Berlin’s Abandoned Olympic Village

Germany were originally awarded the 1916 Olympic Games, an event cancelled due to WW1. Fast forward to 1931 and Germany again won the rights, this time to host the 1936 games. Arch-propagandist Joseph Goebbels recognised an opportunity for some positive international optics, and the decision to build a village for the Olympic athletes was born. The site just west of Berlin was a former Truppenubungsplatz, a military training camp. Architects HC Steinmetz and brothers Walter and Werner March were commissioned to design the quarters for just under 1200 global Olympians. The landscape was created by Heinrich Weipking-Jurgensman.

 

The village included housing for the athletes, a reception, swimming pools, sports halls and a vast, state of the art, restaurant. There was also the Hindenburghaus, a complex with theatre, training rooms, hairdressers and more.

 

The games themselves were thrown into jeopardy a couple of months before they started, with boycotts threatened amidst the spectre of international military action. Germany had contravened the Locarno Treaty, moving Wehrmacht troops into the demilitarised Rhineland.
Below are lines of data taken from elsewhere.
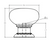 Tomi Round Knob Natural Iron 30mm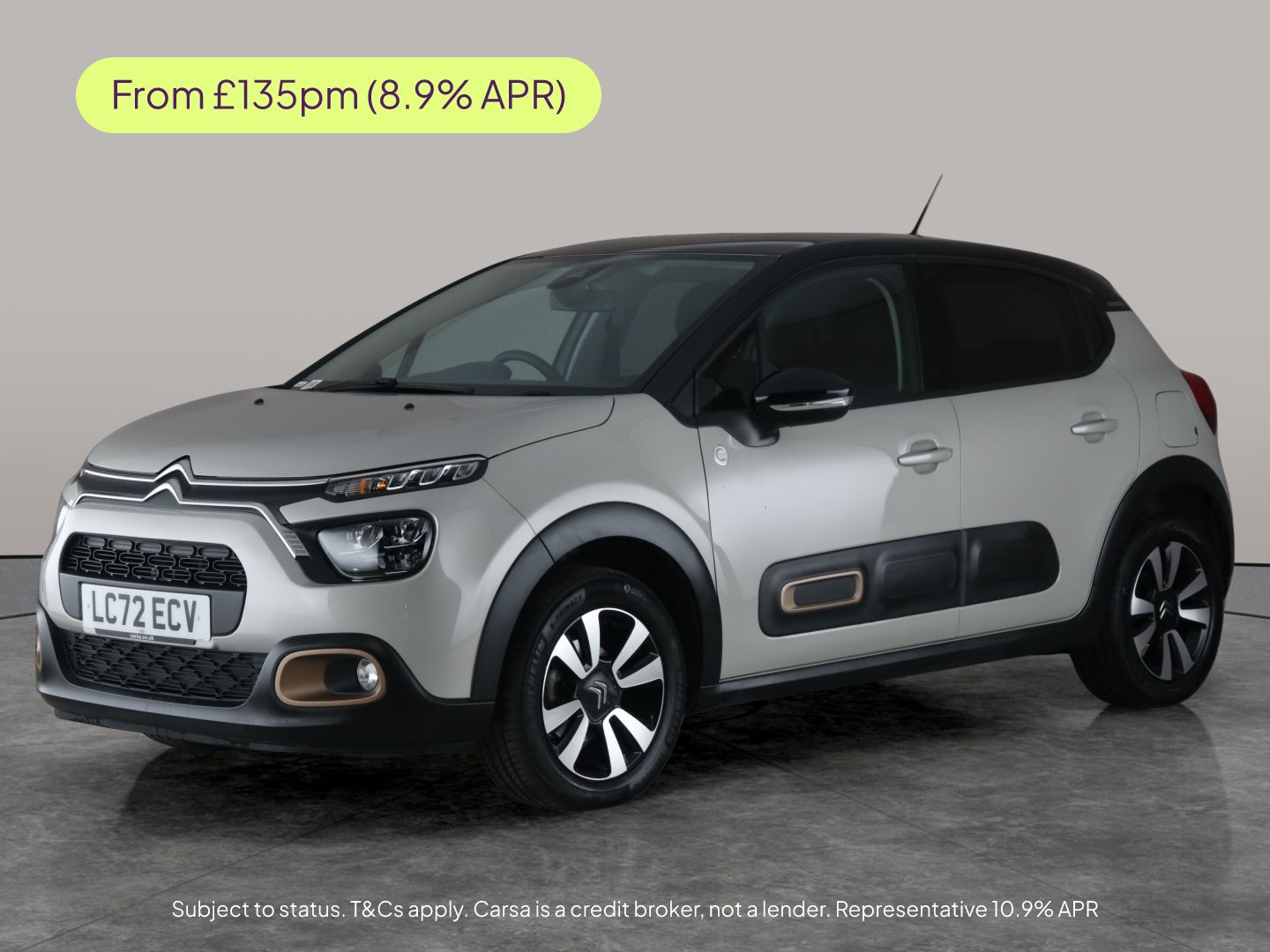 Used Citroen C3 2022 for sale - 76851537: Photo 1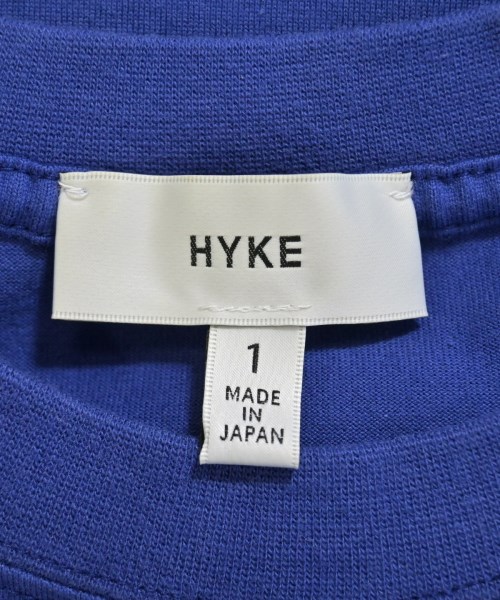 HYKE（ハイク）ワンピース 青 サイズ:1(S位) レディース/2200686821304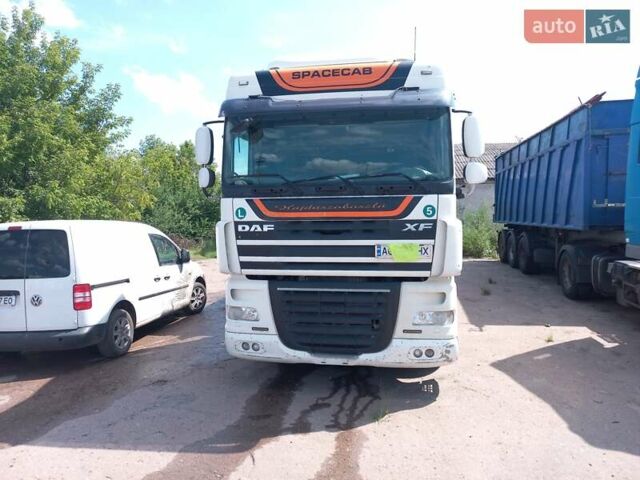 Белый Даф XF 105, объемом двигателя 12.9 л и пробегом 1 тыс. км за 15000 $, фото 2 на Automoto.ua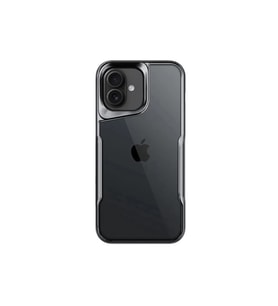 Newface Apple iPhone 16 Kılıf Boyi Silikon Kapak - Titan Gri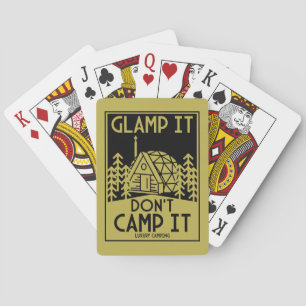 Luxury Glamping Casinokort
The games went ahead despite rising tensions, as the world looked on at flagrant antisemitism and discrimination against Gypsies.

 

Germany’s favourite sporting son, Max Schmeling, had been pressured by the Nazi party to split up from his Czech wife, and to part ways with his Jewish-American boxing manager Joe Jacobs. Schmeling refused but was still used as a symbol of Aryan might, especially after he defeated black-American Joe Louis for the World Championship just before the games were held. The US were close to a full boycott of the Games as a result. As fate would have it, the Olympian with the most gold around their neck at this Games would be black-American Jesse Owens who, much to the chagrin of the Nazi party, claimed 4 1st place medals. The semi-circular road that surrounds the old Olympic village restaurant today is known as Jesse-Owens-Ring.

 

Wolfgang Furstner was the Wehrmacht commander installed to oversee the building of the Olympic village, and was subsequently made part of the Games’ official organising committee. The village opened its doors to the public for 6 weeks from 1st of May 1936, and was overrun, with some damages caused by the 360,000 visitors. Furstner was blamed, and later relieved of his duties. Meanwhile rumours of his Jewish heritage were doing the rounds, and it looked like his days as a ranking officer were numbered. His wife was apparently seeking a divorce, and three days after the Games, Furstner shot and killed himself by the pond behind his quarters in the village.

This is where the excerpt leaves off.